MUI-BOGOR.ORG – Setiap manusia tentu mendambakan kehidupan yang indah dan tenang, tanpa gangguan masalah yang dapat meresahkan hati. Dalam Al-Qur’an, kita sering mendengar bahwa salat dapat mencegah perbuatan keji dan munkar.

Namun, kenyataan di tengah masyarakat seolah bertolak belakang dengan makna ayat tersebut. Banyak orang kini dengan mudah melakukan hal-hal yang bertentangan dengan nilai dan norma agama, yakni menyebarkan kebencian, berita bohong, serta saling menghasut satu sama lain.

Ada kontradiksi yang tampak antara janji Al-Qur’an, bahwa salat dapat mencegah perbuatan keji dan munkar, dengan realitas sosial saat ini. Tidak sedikit orang yang rutin menunaikan salat, namun masih terlibat dalam perilaku negatif seperti menyebarkan kebencian, kebohongan, dan fitnah.

Kondisi ini menunjukkan bahwa banyak di antara kita yang masih memaknai salat sebatas ritual ibadah, tanpa benar-benar menghayati dan mengimplementasikan nilai-nilainya dalam kehidupan sehari-hari.

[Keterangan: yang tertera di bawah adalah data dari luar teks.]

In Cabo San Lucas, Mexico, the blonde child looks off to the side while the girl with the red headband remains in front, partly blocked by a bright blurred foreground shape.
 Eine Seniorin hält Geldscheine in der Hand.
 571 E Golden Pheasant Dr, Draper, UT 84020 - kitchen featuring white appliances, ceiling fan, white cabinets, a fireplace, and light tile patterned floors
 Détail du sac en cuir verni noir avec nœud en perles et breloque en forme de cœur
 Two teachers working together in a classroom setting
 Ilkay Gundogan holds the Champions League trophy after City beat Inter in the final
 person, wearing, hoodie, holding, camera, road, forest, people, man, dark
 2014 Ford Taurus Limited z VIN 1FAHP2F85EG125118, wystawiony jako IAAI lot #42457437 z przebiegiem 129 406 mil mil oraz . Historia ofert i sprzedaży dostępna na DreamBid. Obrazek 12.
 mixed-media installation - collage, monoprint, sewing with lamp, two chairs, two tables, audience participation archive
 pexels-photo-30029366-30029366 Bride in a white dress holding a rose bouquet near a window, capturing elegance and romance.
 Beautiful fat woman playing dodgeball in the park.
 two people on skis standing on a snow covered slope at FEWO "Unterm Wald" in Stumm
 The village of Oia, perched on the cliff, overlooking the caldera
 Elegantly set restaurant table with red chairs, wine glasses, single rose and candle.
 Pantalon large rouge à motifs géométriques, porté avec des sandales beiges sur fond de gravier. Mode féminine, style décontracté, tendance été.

Wakil Ketua Umum MUI Kabupaten Bogor KH. Ahmad Ibnu Athoilah saat mengisi kuliah PKU Angkatan ke-19
Foto: Wakil Ketua Umum MUI Kabupaten Bogor KH. Ahmad Ibnu Athoilah saat mengisi kuliah PKU Angkatan ke-19. (YouTube MUI Kab. Bogor)

Lantas, bagaimana para ulama memaknai ibadah salat dalam kehidupan sehari-hari? Wakil Ketua MUI Kabupaten Bogor, KH. Ahmad Ibnu Athoillah, menjelaskan makna salat melalui pendekatan ilmu tasawuf.

Menurutnya, salat ibarat sebuah senjata. Banyak di antara kita yang memiliki senjata itu, namun tidak tahu cara menggunakannya, tidak tahu bagaimana menekan pelatuk, membidik sasaran, bahkan tidak tahu cara memasukkan peluru.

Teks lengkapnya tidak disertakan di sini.